_How to complete this task:_
Start at the line that contains "2021 Toyota Sienna LE AWD". Repeat it and each line after it, exactly, up to and including the final line of the data.

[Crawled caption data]
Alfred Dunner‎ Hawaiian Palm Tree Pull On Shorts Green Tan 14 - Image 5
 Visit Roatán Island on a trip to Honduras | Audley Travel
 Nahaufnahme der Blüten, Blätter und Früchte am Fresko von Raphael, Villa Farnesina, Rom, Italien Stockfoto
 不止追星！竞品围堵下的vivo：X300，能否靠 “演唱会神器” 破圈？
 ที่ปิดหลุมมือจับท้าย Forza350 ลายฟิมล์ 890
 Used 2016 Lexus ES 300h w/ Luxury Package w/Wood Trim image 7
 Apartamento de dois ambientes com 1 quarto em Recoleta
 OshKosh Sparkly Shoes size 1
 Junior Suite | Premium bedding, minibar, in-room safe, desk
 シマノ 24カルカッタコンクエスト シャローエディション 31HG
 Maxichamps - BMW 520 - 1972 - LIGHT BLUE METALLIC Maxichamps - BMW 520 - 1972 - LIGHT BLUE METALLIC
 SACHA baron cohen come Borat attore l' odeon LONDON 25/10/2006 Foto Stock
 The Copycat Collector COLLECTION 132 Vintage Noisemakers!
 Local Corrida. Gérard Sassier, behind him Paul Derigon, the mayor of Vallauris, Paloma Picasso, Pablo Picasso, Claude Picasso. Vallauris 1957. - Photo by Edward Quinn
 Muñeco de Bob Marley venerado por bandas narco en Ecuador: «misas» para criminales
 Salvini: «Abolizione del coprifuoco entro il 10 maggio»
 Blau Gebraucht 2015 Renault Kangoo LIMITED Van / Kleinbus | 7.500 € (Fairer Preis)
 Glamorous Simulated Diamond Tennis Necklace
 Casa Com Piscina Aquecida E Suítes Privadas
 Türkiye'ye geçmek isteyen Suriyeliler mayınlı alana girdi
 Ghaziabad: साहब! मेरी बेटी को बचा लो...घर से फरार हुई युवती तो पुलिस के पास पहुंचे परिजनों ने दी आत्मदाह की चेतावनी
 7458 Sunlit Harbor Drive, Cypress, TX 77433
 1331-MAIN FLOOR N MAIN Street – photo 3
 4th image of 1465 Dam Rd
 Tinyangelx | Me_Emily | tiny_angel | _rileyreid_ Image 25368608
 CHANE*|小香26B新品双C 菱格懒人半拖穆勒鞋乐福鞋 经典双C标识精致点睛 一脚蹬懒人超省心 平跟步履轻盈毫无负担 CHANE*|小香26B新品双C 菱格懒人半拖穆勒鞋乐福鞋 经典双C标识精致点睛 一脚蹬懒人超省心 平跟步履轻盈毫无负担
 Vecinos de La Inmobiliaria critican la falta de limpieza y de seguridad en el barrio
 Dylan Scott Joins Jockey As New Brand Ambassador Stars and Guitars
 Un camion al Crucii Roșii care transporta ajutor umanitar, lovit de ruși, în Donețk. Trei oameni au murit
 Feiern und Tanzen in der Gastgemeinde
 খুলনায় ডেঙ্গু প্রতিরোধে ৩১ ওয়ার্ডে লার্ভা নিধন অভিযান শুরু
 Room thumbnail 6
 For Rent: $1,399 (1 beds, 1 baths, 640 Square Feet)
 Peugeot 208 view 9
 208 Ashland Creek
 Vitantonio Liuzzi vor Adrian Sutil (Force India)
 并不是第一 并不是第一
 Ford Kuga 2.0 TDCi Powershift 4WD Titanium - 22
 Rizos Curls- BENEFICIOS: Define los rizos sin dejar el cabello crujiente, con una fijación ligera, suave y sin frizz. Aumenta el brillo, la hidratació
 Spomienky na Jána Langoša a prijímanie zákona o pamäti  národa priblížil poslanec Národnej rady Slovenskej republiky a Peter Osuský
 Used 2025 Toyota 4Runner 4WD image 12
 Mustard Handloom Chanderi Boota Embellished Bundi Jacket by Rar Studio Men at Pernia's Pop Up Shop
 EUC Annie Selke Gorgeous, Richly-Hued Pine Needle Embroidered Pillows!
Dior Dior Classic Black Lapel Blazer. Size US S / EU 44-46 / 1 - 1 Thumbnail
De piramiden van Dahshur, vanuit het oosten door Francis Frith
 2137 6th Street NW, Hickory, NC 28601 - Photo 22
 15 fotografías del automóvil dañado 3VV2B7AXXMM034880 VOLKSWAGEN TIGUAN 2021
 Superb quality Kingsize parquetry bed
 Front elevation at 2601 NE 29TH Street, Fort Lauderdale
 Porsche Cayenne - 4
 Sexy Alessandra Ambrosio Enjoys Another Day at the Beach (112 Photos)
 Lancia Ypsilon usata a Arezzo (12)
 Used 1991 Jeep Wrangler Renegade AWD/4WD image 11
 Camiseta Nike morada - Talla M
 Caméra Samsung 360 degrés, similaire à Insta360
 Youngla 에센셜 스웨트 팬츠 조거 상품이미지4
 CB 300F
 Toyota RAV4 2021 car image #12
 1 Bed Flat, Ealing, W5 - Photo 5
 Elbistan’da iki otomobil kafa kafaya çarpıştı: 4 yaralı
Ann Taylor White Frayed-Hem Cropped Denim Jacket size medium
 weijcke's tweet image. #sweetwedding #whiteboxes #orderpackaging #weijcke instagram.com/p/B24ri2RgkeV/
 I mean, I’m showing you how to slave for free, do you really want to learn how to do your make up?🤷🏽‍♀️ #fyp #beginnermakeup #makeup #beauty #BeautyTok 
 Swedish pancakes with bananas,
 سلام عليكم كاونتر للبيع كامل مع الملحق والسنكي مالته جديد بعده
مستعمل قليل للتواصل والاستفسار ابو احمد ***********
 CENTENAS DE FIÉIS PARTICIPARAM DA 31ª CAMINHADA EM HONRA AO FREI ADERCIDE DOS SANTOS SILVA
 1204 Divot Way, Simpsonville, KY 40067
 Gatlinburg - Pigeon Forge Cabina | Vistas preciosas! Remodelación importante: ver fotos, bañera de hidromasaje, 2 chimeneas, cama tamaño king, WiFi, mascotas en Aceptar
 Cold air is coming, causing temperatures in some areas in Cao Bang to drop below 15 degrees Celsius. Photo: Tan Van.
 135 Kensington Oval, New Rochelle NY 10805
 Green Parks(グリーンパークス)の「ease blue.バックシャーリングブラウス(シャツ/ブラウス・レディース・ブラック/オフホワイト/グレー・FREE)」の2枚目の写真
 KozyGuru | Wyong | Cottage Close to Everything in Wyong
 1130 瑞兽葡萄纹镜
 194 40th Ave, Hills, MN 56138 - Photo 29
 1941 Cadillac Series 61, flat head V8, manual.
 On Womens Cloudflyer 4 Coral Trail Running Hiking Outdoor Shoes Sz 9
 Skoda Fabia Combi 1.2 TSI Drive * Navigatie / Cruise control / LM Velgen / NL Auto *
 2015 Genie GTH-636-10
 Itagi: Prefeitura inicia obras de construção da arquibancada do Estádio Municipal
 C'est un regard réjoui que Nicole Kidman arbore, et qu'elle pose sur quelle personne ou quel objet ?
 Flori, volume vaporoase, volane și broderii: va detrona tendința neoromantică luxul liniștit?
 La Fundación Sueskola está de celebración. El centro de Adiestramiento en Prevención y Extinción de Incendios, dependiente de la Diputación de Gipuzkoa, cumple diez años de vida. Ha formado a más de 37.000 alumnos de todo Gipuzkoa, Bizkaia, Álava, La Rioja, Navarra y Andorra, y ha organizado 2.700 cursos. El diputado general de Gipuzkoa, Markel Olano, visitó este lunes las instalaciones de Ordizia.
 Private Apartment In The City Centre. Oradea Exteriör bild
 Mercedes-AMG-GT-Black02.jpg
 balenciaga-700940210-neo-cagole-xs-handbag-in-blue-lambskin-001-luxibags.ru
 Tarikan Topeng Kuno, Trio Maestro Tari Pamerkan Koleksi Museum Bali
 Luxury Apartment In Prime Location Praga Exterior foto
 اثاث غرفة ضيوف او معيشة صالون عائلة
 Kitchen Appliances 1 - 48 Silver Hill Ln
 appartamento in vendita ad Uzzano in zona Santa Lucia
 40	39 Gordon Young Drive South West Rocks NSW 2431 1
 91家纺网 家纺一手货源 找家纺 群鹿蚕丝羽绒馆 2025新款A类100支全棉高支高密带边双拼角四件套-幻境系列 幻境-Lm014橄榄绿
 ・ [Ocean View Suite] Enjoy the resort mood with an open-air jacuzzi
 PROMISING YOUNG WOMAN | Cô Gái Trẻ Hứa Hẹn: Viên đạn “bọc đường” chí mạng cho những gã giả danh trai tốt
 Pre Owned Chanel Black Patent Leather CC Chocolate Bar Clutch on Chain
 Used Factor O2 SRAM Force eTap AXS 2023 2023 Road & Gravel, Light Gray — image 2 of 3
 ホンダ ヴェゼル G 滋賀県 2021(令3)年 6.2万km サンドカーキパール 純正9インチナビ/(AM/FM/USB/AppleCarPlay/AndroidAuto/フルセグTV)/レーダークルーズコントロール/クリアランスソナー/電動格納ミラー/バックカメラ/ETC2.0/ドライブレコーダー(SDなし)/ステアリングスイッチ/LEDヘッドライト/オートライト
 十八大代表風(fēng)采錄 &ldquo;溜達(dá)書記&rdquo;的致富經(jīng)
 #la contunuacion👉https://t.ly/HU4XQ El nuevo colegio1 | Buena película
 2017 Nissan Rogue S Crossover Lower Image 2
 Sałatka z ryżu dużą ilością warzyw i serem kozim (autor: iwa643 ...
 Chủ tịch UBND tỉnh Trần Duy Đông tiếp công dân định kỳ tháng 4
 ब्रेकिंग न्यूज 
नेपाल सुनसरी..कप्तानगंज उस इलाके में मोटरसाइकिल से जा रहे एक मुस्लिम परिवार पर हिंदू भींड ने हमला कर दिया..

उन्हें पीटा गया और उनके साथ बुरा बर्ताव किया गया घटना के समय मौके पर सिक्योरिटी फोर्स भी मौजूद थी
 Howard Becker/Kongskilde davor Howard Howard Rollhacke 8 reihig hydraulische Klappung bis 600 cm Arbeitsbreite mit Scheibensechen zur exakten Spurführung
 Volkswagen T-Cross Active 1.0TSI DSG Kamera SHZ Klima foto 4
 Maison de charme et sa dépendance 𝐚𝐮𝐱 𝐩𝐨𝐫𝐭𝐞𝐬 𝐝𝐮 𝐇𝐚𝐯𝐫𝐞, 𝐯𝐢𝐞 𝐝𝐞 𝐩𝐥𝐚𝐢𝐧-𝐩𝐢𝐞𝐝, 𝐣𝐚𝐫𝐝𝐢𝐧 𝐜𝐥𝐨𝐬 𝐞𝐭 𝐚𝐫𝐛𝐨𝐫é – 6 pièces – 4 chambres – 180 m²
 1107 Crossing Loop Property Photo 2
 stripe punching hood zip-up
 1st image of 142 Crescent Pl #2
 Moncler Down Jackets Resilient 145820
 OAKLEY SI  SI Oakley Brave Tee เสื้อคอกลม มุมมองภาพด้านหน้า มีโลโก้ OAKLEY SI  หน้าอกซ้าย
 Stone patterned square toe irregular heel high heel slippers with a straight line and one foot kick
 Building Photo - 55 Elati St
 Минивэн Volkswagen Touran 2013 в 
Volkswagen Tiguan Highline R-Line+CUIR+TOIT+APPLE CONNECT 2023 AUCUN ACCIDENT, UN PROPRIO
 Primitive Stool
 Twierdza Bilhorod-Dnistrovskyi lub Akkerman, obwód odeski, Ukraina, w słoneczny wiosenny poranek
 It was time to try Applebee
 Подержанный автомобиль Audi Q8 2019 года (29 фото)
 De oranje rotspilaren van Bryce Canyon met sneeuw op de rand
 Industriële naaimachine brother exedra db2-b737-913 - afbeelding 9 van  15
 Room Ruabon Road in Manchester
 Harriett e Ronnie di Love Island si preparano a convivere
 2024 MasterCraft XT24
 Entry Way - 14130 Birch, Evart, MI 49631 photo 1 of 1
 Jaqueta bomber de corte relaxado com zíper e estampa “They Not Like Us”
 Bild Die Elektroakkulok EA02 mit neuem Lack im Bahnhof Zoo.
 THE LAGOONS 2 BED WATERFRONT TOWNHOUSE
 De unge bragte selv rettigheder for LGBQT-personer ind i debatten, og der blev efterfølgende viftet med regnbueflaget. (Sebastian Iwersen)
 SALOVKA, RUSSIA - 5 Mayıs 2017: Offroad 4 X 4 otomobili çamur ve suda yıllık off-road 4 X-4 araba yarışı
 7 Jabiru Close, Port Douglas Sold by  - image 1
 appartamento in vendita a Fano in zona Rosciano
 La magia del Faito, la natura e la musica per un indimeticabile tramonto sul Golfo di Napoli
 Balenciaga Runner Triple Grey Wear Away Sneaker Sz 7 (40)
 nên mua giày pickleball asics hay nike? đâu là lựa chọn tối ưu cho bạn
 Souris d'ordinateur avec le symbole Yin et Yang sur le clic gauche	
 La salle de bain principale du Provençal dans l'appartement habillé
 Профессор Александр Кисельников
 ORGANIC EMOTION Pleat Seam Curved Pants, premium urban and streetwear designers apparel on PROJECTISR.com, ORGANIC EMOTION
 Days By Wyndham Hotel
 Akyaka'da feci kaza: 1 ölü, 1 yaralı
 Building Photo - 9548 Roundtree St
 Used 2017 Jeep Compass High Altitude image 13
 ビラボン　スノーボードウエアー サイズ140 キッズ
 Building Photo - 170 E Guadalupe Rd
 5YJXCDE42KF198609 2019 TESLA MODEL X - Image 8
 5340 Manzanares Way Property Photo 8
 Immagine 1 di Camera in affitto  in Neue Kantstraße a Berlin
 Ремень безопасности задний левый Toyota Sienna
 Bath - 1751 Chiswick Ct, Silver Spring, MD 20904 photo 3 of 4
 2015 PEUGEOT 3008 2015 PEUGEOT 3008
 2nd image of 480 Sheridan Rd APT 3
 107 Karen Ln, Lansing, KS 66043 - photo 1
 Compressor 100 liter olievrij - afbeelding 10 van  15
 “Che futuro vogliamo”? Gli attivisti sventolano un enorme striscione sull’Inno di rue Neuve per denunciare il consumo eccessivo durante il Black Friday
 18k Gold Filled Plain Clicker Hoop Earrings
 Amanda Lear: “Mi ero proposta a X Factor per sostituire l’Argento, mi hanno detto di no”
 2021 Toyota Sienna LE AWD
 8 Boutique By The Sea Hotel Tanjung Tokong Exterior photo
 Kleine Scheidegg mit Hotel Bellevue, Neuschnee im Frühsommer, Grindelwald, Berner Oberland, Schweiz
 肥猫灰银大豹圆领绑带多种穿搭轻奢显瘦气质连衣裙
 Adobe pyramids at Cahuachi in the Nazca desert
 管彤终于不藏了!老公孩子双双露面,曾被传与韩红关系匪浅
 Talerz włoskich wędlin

_Task solution:_
 2021 Toyota Sienna LE AWD
 8 Boutique By The Sea Hotel Tanjung Tokong Exterior photo
 Kleine Scheidegg mit Hotel Bellevue, Neuschnee im Frühsommer, Grindelwald, Berner Oberland, Schweiz
 肥猫灰银大豹圆领绑带多种穿搭轻奢显瘦气质连衣裙
 Adobe pyramids at Cahuachi in the Nazca desert
 管彤终于不藏了!老公孩子双双露面,曾被传与韩红关系匪浅
 Talerz włoskich wędlin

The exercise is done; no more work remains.